News

Jeremy Weinstein Was Offered the Harvard Kennedy School Deanship. Who Is He?

News

Interim Harvard President Alan Garber’s 100 Days of Trial By Fire

News

‘An International Issue’: Harvard GSAS Dean Says Free Speech Issues are Not Harvard-Specific

News

‘Mourning into a Movement’: Family Members of George Floyd, Eric Garner Discuss Grief and Activism at IOP Forum

News

Expert Witness Says Northrop’s Lack of Summer Contact Was ‘Typical’ for University Case Workers

‘Alpha Zulu’ Review: A Soaring Rebirth for Phoenix

Album cover for Phoenix's "Alpha Zulu."
Album cover for Phoenix's "Alpha Zulu." By Courtesy of Phoenix / Glassnote Entertainment Group

Phoenix are having a renaissance. If the Botticelli painting on the cover of their new album “Alpha Zulu” doesn’t convince you, then their music will. On Nov. 4, the French indie band unveiled a set of sleek pop-rock vignettes straight from the Louvre, which housed a recording studio for the first time in its centuries-long history.

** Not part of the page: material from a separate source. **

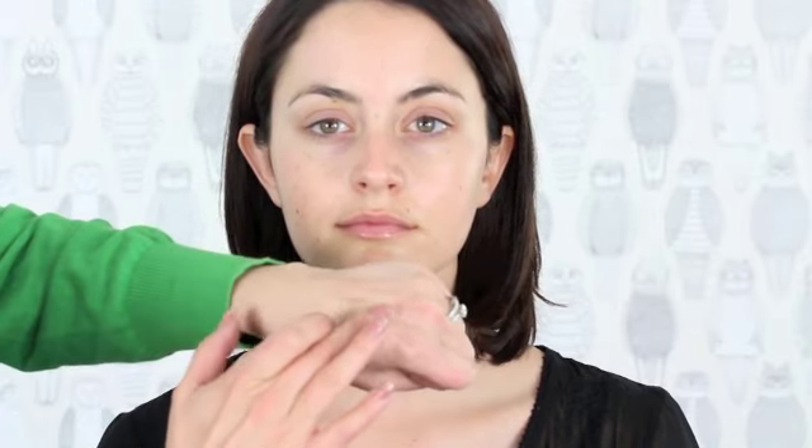Now that we have the primer on, we're going to start with two color foundations. I'm going to start with the Chanel Vitalumière Aqua Foundation and pick one shade that I know matches her neck and chin. Laurel's neck is a little bit lighter than her face, so we want to make sure that the neck and chest match the face. When something blends into your neck and chest, that's the right foundation for you.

Lead singer Thomas Mars described “Alpha Zulu” as “all over the place” to Zane Lowe on Apple Music 1, but the album’s thematic breadth works in its favor. Phoenix place their characteristically crisp songwriting and self-production on full display as they outline topics from the personal to the theological.

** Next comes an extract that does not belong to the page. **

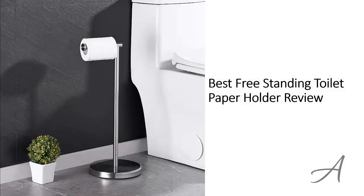Best Free Standing Toilet Paper Holder Review. In this video, we'll share with you one of the most popular toilet paper holders in the market that have been used by thousands of people who have given their stamp of approval. We'll share with you some of the features of what makes this standing holder so popular.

On the title track, Mars assumes the perspective of a deity seeking to understand humanity’s obsession with sin. “Tell me why, don’t tell me when, don’t tell me how,” he commands. As if to mock the call-and-response structure of many hymns, the intro’s choral synth phrases are met with only silence in between. Mars’s derisive “ha!” reinforces the belief that “singin’ hallelujah” without genuine repentance amounts to little beyond a way to “cover your lies.” Then, the sparse instrumentals assume a celestial resonance as Mars wonders, “Why choose your body over time with me?”

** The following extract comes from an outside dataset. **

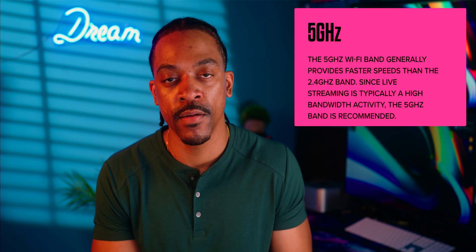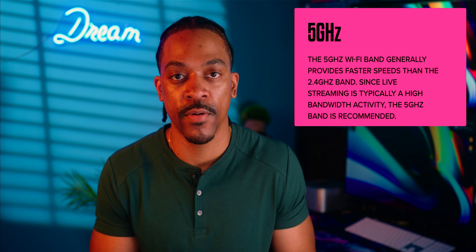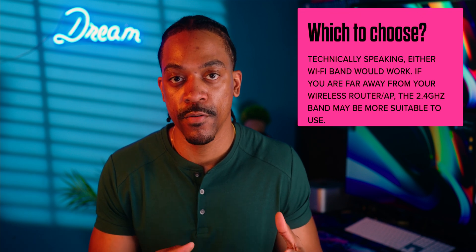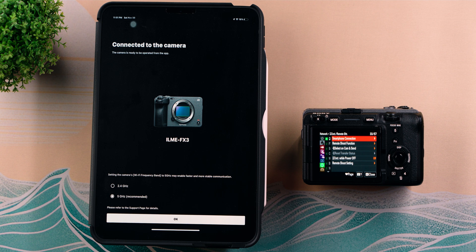On the next screen you'll be prompted to choose a Wi-Fi frequency band. Wi-Fi operates on two bands: 2.4 GHz and 5 GHz. The 5 GHz band allows for faster speeds but has a shorter range, while the 2.4 GHz band has a larger range but offers lesser speeds. I'm going with 5 GHz. If you have both options available, test the stream on both networks to see which is most stable. I'll hit Okay.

Some potential reasons — and even more questions — emerge on the next track, “Tonight” (feat. Ezra Koenig), Phoenix’s first studio release to feature guest vocals. Mars’s uptempo duet with the Vampire Weekend frontman reconciles nostalgia and immediacy over a bouncy bass line. “What if I was the answer to your prayer?” Mars asks, dismissing spirituality in pursuit of a connection that might not even “last ‘til it’s dawn.” As the post-chorus’s melismatic call to “roll with me” fragments the bridge among insistent echoes, its nonchalance devolves into a sense of losing control. Mars and Koenig restore order by abandoning their trademark wry wordplay to admit a difficult truth: “Oh, how I wish I could be someone like you.”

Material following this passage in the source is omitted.